I see that the Principle_of_maximum_entropy article suggests that maximum entropy solves the problem of specifying a prior distribution. Your comments suggest a background in Bayesian stuff, so you might like to consider this in relation to Bernardo&Smith's assertion that it does not (page 366, point (iv)). However, I don't think these articles should become too Bayes-specific.

Melcombe (talk) 11:35, 28 August 2009 (UTC)

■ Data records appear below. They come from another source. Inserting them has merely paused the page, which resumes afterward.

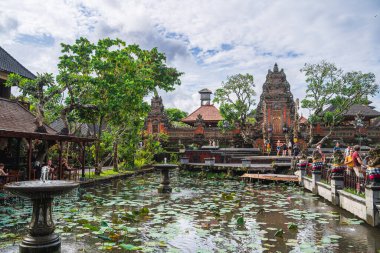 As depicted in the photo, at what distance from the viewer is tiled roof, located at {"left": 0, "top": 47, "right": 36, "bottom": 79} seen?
56.4 ft

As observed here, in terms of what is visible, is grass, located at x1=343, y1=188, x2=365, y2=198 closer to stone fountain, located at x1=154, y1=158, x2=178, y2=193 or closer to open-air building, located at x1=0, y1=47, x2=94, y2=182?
stone fountain, located at x1=154, y1=158, x2=178, y2=193

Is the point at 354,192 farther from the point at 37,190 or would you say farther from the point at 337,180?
the point at 37,190

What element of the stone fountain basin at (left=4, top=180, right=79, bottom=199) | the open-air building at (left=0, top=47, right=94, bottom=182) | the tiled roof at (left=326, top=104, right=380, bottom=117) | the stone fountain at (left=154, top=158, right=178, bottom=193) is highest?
the tiled roof at (left=326, top=104, right=380, bottom=117)

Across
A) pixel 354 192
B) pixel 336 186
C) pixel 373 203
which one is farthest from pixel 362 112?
pixel 373 203

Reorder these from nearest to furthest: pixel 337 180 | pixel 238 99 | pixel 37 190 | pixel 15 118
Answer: pixel 37 190 → pixel 337 180 → pixel 15 118 → pixel 238 99

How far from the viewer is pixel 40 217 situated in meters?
5.66

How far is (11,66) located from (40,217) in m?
Result: 15.0

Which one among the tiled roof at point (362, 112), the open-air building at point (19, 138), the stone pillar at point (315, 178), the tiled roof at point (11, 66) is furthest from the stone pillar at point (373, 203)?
the tiled roof at point (362, 112)

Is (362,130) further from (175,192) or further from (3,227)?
(3,227)

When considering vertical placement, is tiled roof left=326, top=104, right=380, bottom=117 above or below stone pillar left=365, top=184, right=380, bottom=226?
above

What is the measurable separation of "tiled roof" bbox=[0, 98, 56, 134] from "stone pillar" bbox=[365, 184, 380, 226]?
39.9 feet

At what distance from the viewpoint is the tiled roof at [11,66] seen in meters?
17.2

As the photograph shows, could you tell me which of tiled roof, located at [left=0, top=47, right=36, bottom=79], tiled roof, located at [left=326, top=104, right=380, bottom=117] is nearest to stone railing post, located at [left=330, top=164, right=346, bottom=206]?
tiled roof, located at [left=0, top=47, right=36, bottom=79]

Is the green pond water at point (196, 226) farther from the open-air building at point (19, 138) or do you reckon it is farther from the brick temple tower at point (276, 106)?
the brick temple tower at point (276, 106) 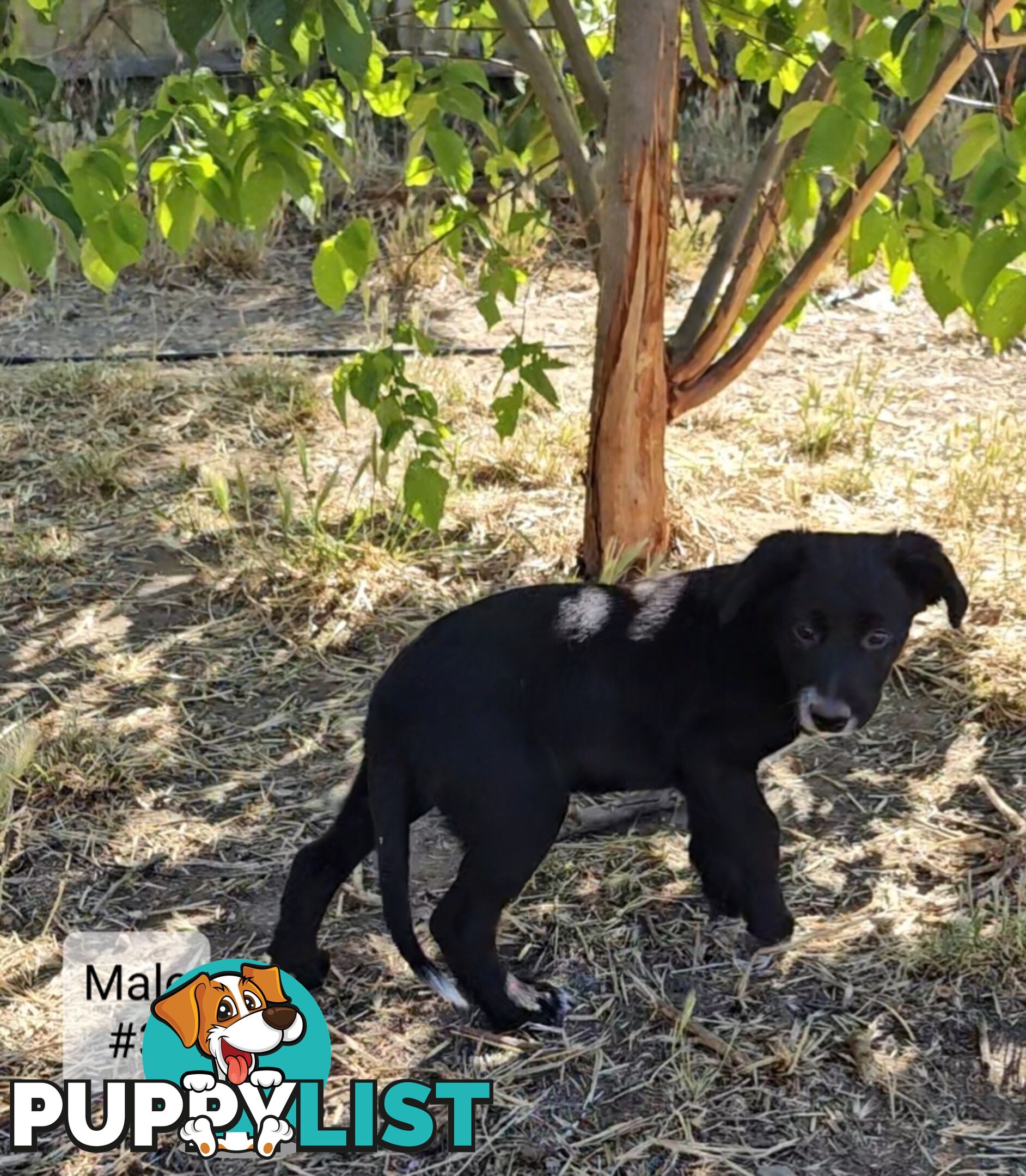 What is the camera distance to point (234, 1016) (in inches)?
115

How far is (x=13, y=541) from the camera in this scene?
5215 mm

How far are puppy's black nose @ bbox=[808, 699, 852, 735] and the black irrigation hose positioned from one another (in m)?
4.12

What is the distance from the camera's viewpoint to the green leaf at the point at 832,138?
2953mm

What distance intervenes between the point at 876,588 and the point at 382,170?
6.77 meters

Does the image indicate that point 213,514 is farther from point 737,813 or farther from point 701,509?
point 737,813

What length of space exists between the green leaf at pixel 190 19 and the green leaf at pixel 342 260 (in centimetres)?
138

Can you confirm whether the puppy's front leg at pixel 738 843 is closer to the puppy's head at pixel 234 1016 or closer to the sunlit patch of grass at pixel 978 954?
the sunlit patch of grass at pixel 978 954

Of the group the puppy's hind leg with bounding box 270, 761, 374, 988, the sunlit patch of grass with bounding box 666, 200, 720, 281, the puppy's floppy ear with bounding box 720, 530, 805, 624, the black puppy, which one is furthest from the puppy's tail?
the sunlit patch of grass with bounding box 666, 200, 720, 281

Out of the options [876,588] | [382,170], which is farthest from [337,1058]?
[382,170]

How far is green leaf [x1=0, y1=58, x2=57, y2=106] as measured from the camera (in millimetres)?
2857

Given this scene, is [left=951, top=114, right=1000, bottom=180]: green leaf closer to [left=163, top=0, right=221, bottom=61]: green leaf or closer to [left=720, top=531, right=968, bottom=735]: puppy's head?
[left=720, top=531, right=968, bottom=735]: puppy's head

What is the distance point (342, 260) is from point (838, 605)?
169cm

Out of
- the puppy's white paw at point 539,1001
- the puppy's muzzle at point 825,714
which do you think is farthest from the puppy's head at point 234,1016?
the puppy's muzzle at point 825,714

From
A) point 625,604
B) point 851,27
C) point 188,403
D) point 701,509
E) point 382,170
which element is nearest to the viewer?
point 625,604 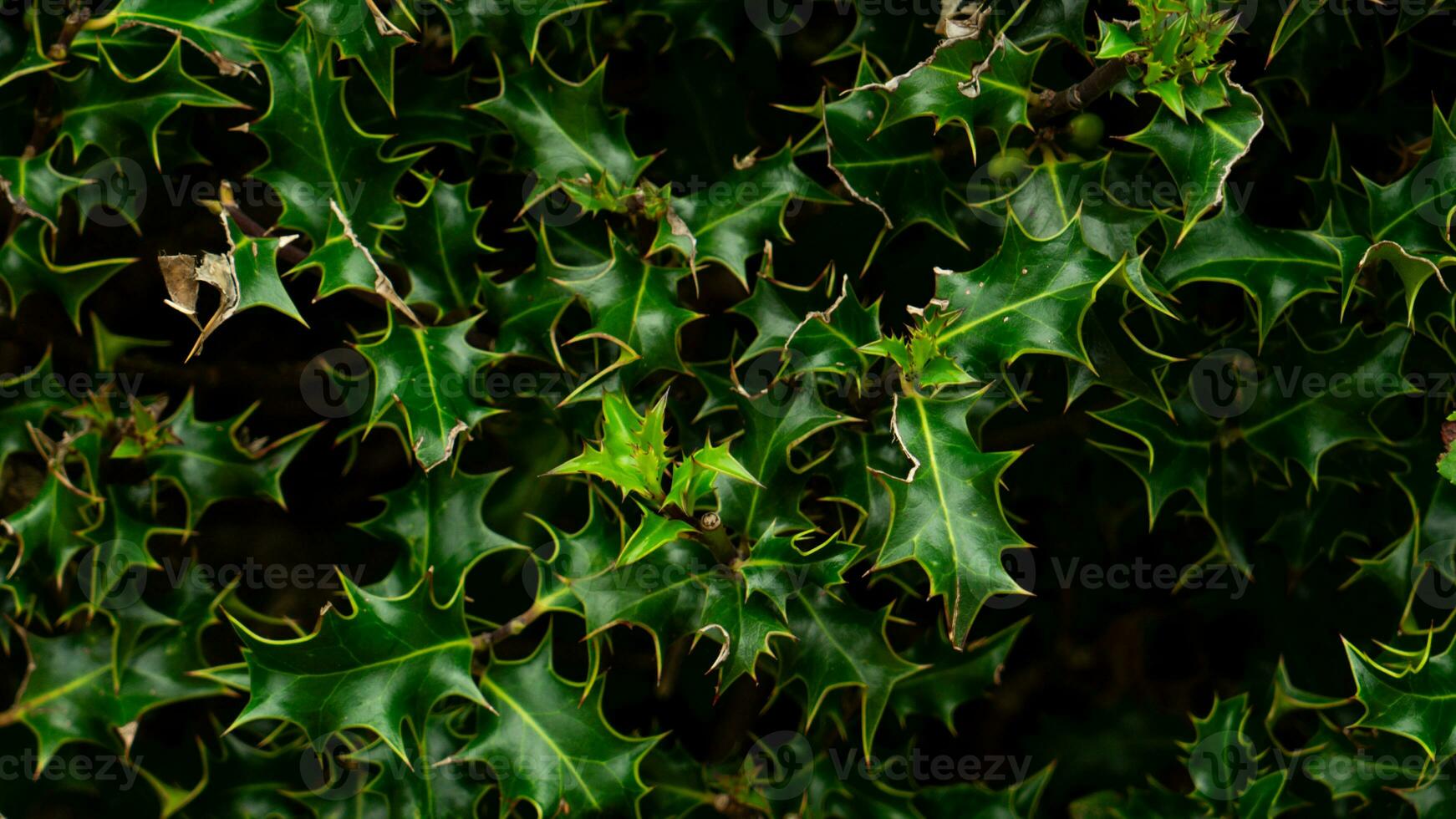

What do you mean by "too Bayes-specific"? Yes, of course I know about Bayes's rule, I have an information theory background, and I have read several articles by Jaynes from the time when the orthodox vs. Bayes war seems to have been going on ferociously, but I though this was over! A colleague who does information theory research assured me just a few weeks ago that at the research front, nobody doubts the Bayesian way anymore. Was this not correct?
Now to the problem at hand: Principle_of_maximum_entropy and this article together are inconsistent. One must be changed. Which one? I would definitely change this one. I don't have your literature, but together we could do something beautiful: we could omit the theory and refer the reader to Principle_of_maximum_entropy. If we then listed all disttributions for both m=1 and m=1/x, we could make two sections: m=1, "use these if the unknown quantity is a location parameter", and m=1/x, "use these if the unknown parameter is a scale parameter". I could explain this intuitively, and then we would have an article that is useful in practice, giving the answer "what distribution shall I use in which situation"? What do you think? Hanspi (talk) 14:51, 31 August 2009 (UTC)
P.S. Melcombe, I have ordered the books you cited from the Swiss network of libraries and information centres. I'll get them next week and can then read what you cited. Hanspi (talk) 18:20, 1 September 2009 (UTC)
By "not too Bayes-specific" I meant two things, neither related to Bayes/frequentist controversy. First, there are some long-established results ... for example that the normal distribution is the maximum entropy distribution under given conditions ... that exist without a Bayesian background. Secondly, there is a need to cover the physics-based context already in the article for which giving a meaning to the reference measure may be problematic enough on its own, without having to find a Bayesian connection.
To move forward, I have added the more general defintion to the article, keeping also the original with some citations (one of which is new). I have not added the Jaynes reference as I don't know whether that was in the context of "maximum entropy" or just "entropy". Do edit it as you think fit, but remember that this is meant to reflect what is in published sources, not to decide that Jaynes is either right or wrong and so to exclude anything different. Melcombe (talk) 10:45, 7 September 2009 (UTC)

## Caveats

I added the 'citation needed' because I'd really like some clarification on that point. Is it that in general there is no maximum entropy distribution given the first three moments, or is it that there's something particular about this combination (seems unlikely)?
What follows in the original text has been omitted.